The latter is 27 times faster than the former, i.e. 3 minutes for GKR+Groth16 vs. 1 hour and 24 minutes for Groth16 only.
The circuit
The GKR circuit performs a check on the MiMC permutation BN256 scalar field (as opposed to our initial proposition to do it with gMiMC7). It consists of 91 layers with an identical structure but using layer specific round constants. Every layer is made up of gates of the following types:
- Copy gates that output the values of their left entry (ignoring the value on the right entry). \text{copy}(v_l, v_r) = v_l.
- Nonlinear gate \text{nonlin}(v_l, v_r) = v_l + (v_r + c)^7
- Final round nonlinear gates \text{fnonlin}(v_l, v_r) = (v_r + c)^7
(To be precise: every layer except the last contains copy and nonlinear gates while the last layer contains only final round nonlinear gates.)
The base-circuit is made up of 91 layers, each of which has two inputs, let’s say v = [v_0, v_1], and produces two outputs (except for the final layer, producing only one). There are 2^{b_N} (e.g. 2^{23}) parallel copies of the base-circuit. At every intermediary layer the outputs of the base-circuit are [\text{nonlin}(v_1, v_0), \text{copy}(v_1, v_0)]. In the final (output) layer the base-circuit outputs [\text{fnonlin}(v_l, v_r)] only. Notice that the MiMC round function as described in the paper is of the form x \rightarrow (x + c + k)^7. Pipelining the operations x \rightarrow x^7, x \rightarrow x + c and x \rightarrow x + k results in \text{nonlin} being of degree 1 in v_r. This saves a lot of time in the prover. It is, however, important to pre-add v_0 = v_0 + v_1, in the first layer and to use the final round nonlinear gate in the last layer.
The results
We benchmarked our implementation on a 32 core AWS c5.24xlarge instance. Our benchmarks include the time needed to generate the GKR proof and the time needed to build the SNARK proof of a circuit verifying the GKR proof. It also includes the assignment time for both of those steps.

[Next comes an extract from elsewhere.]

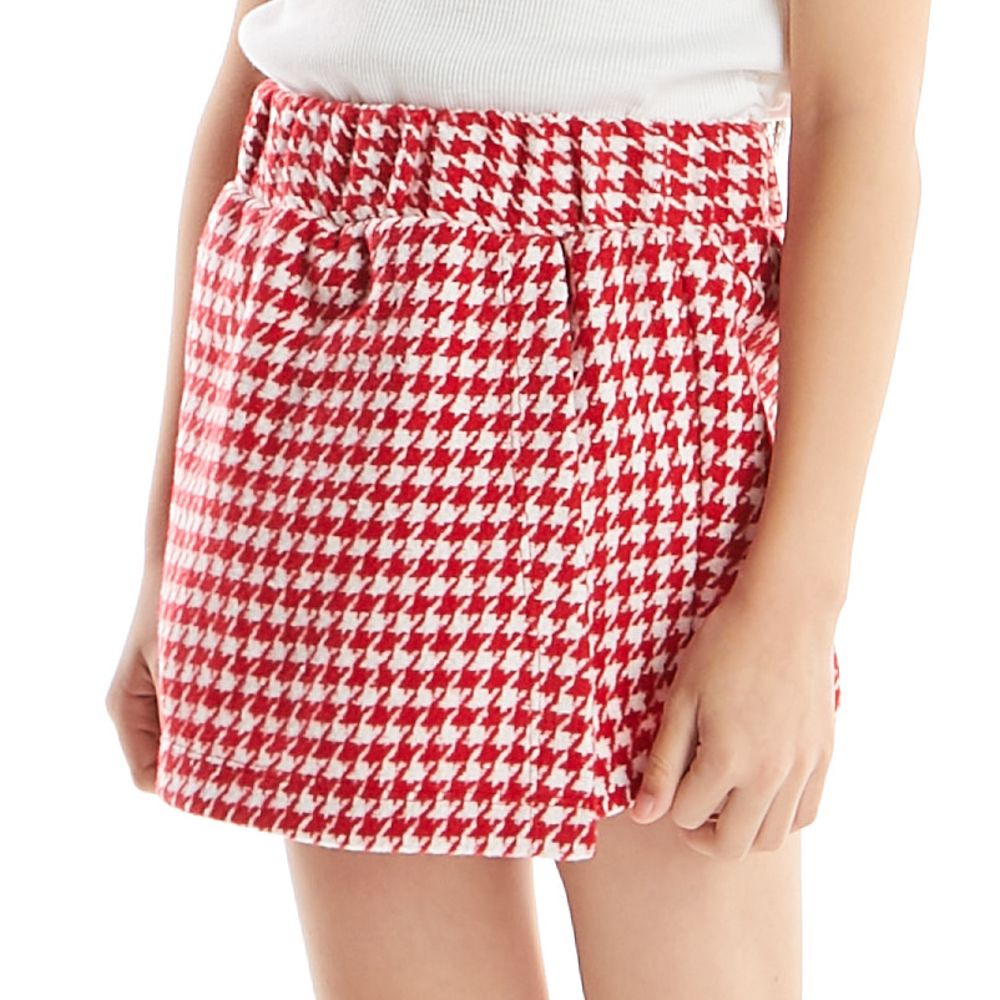 กางเกงกระโปรงผ้ายืด แดง 7 ปี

For the benchmark we set bN = 23 (ie: we prove 8M hashes)
For the baseline, we benchmark the running time for the assignment and the prover time of a gnark circuit which verifies MIMC. Since SNARK circuits verifying 8M hashes are impractical over the curve bn256, we extrapolated results obtained with fewer hashes. We benchmarked 2^17 hashes and scaled the results up to 2^23.

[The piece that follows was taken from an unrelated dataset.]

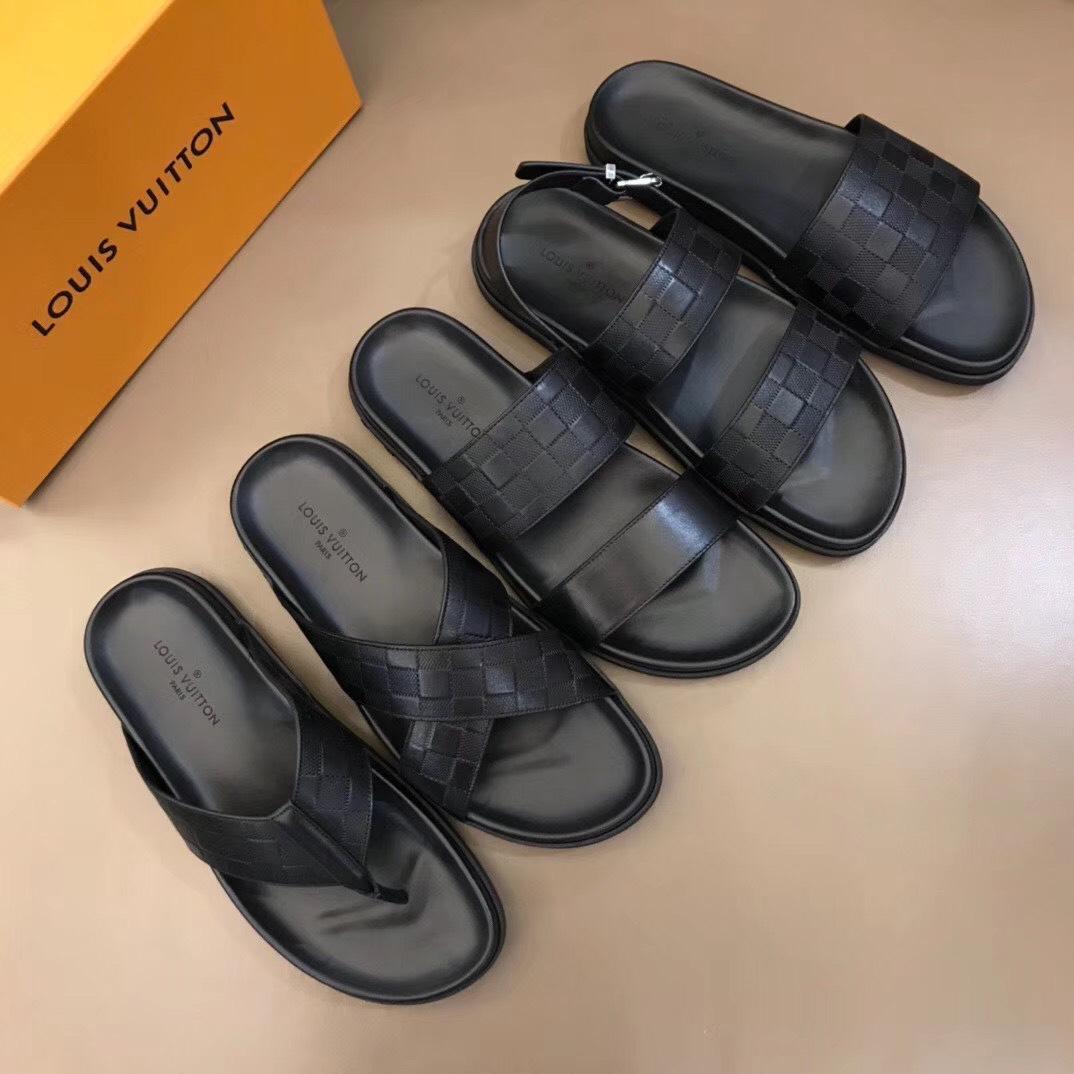 Dép Louis Vuitton siêu cáp nam màu đen kẹp ngón DLV13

We implemented the following circuit to measure Gnark’s performance.
Op | Runtime (sec) |
---|---|
Groth16 Prover - 2^15 hashes | 20.2 |
Groth16 Prover - 2^17 hashes | 78.2 |
Extrapolation to 2^22 hashes | 2587.0 |
Extrapolation to 2^23 hashes | 5006.3 |
We implemented the GKR prover and the Groth16 circuit of proof of the proof verification.
With 2^22 (~4M) hashes:
Op | Runtime (sec) for 2^22 hashes | Runtime (sec) for 2^23 hashes |
---|---|---|
GKR Prover assignment | 6.0 | 8.4 |
GKR Prover | 50.0 | 95.7 |
SNARK Assignment | 0.3 | 0.66 |
SNARK Prover | 48.2 | 76.5 |
Total | 104.6 | 181.2 |
Baseline | 2587.0 | 5006.3 |
Which is a 27-fold improvement compared to the baseline for 8M hashes.
Observations and possible improvements
Constraints per second
Gnark performances for MiMC hashes are far better than the ones for the GKR proof checker when we look at the metric “number of constraints per second”. The table below shows that there are many more wires in the GKR proof verification circuit than in the circuit verifying the MiMC hashes. In other words, the number of constraints is an imperfect indicator for performance to be expected.
Circuit | Number of constraints | Number of coefficients | Number of wires |
---|---|---|---|
SNARK MiMC - 2^17 hashes | 47841280 | 93 | 47972353 |
SNARK GKR - 2^23 hashes | 32516244 | 95 | 49311227 |
Impact on the number of hashes on the proving time
With a simple Groth16 prover proving time grows linearly with the number of hashes. Groth16 + GKR has a sublinear (logarithmic) overhead, subsequently the more hashes to verify the more interesting this approach is.
Future work
It is possible to apply this approach to other types of hash functions (e.g. Poseidon) and altogether different purposes (e.g. signature verification). The GKR path is not fully optimized. Specializing the implementation, plus various optimizations should lead to a >30\times improvement.